=== Task to complete ===
Since the records include pictures, leave those out while you reproduce exactly and only the lines from the one containing "MOB - BODY TRANSPARENT NOIR TAILLE L/XL MOB" through the one containing "BRACELET CALCÉDOINE BLEUE & LAPIS LAZULI", inclusive.

=== Provided data ===
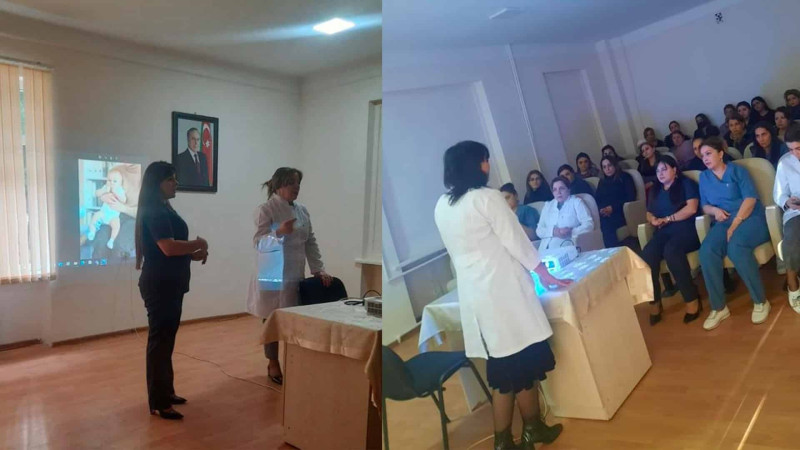 Peyvənd otağının tibb bacıları üçün seminar keçirilib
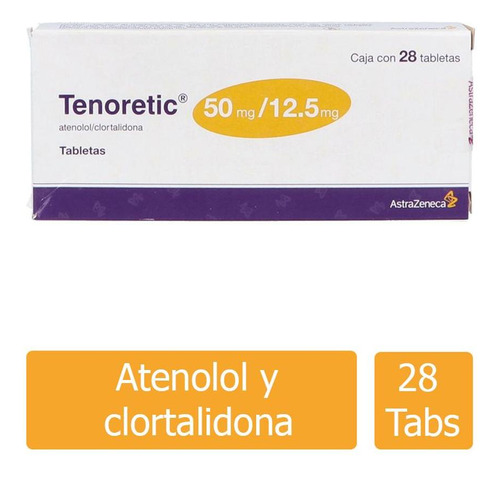 Tenoretic 50 Mg / 12.5 Mg Caja Con 28 Tabletas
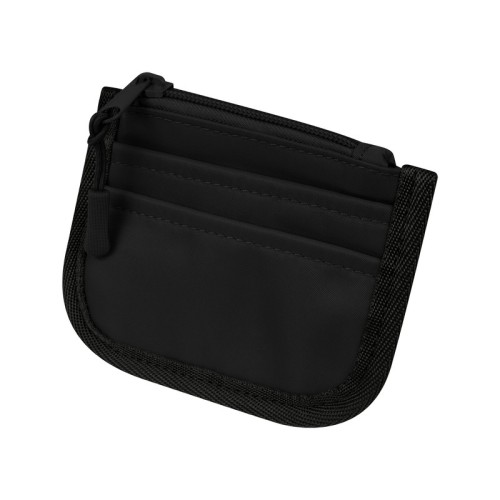 Porta Documentos Monedero Dirham Negro W 654 N Negro (W654N - poliester - articulo promocional)
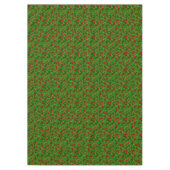 クリスマスホリーベリー葉ズテーブルクロス テーブルクロス (正面)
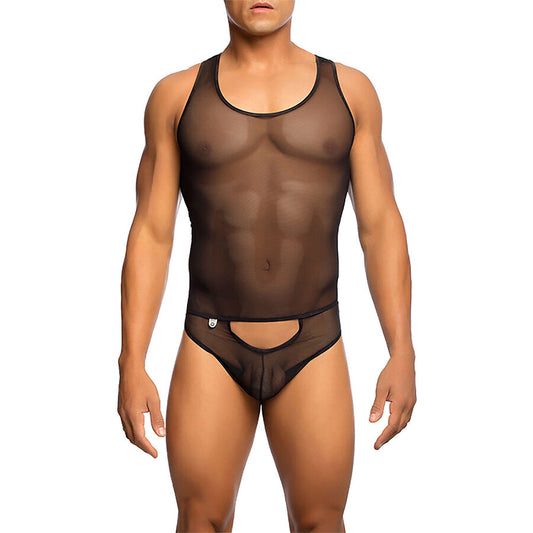 MOB - BODY TRANSPARENT NOIR TAILLE L/XL MOB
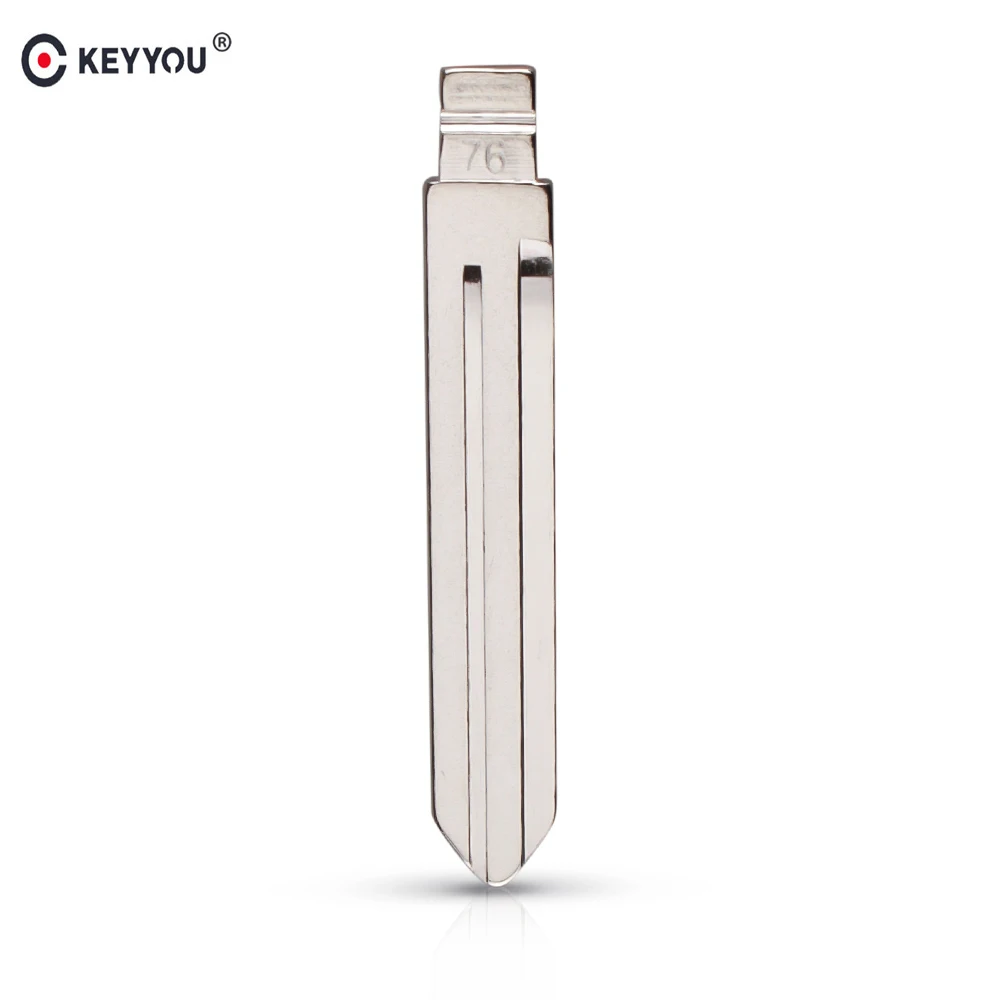 KEYYOU NO. 76 Key Blade Metal Blank Uncut Flip KD Replacement Folding Remote Type #76 For Jianghuai Heyue Tongyue | Автомобили и
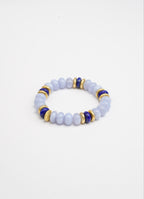 BRACELET CALCÉDOINE BLEUE & LAPIS LAZULI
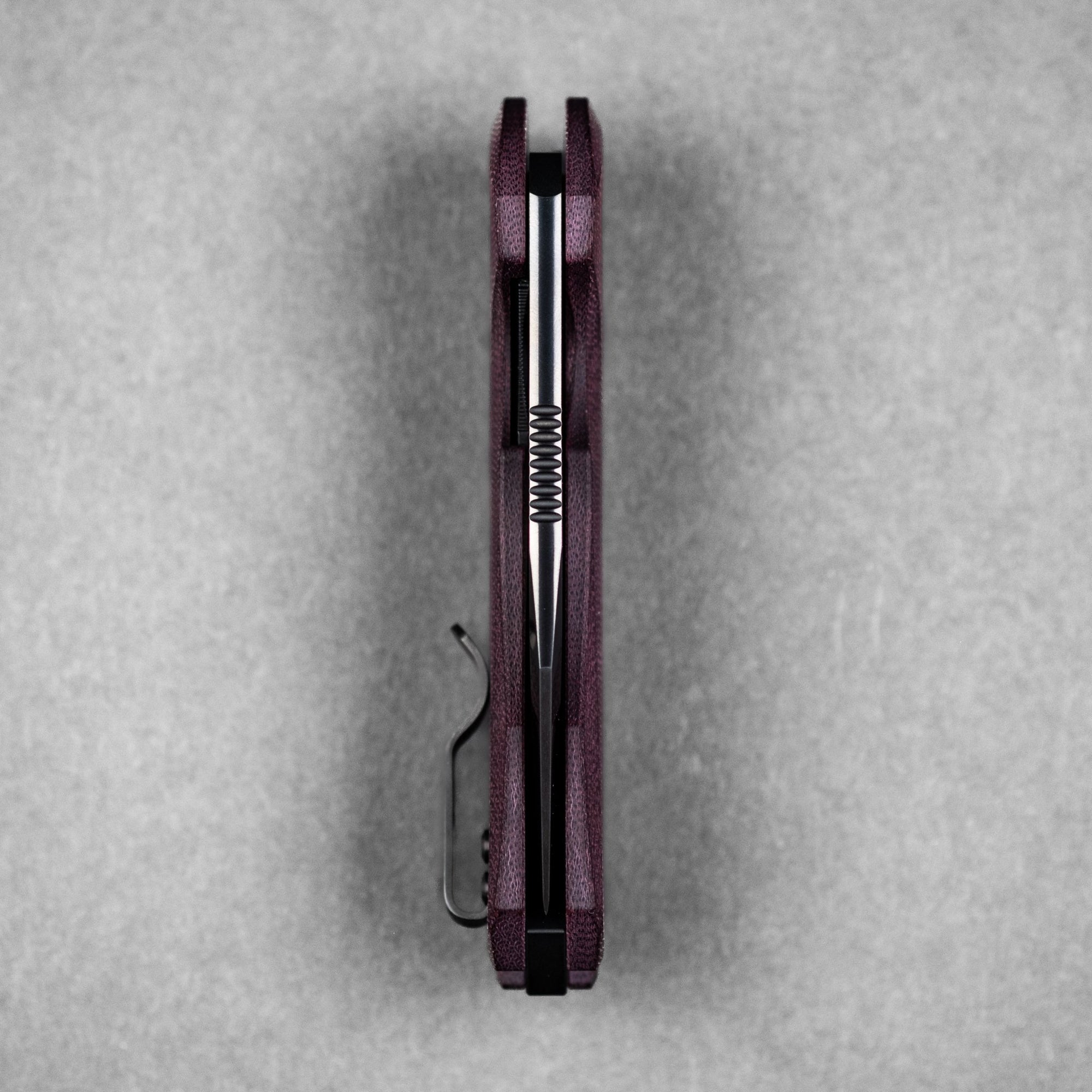 URBAN Becerro - Polished DLC Magnacut & Burgundy Micarta - URBAN EDC®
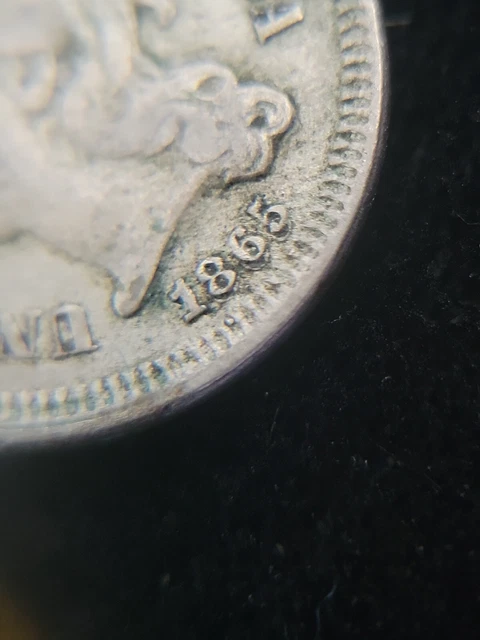1865/865 **RPD** 3-Cent Piece | Three Cent | Old US Type Coin | See Pics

=== Exercise answer ===
 MOB - BODY TRANSPARENT NOIR TAILLE L/XL MOB
 KEYYOU NO. 76 Key Blade Metal Blank Uncut Flip KD Replacement Folding Remote Type #76 For Jianghuai Heyue Tongyue | Автомобили и
 BRACELET CALCÉDOINE BLEUE & LAPIS LAZULI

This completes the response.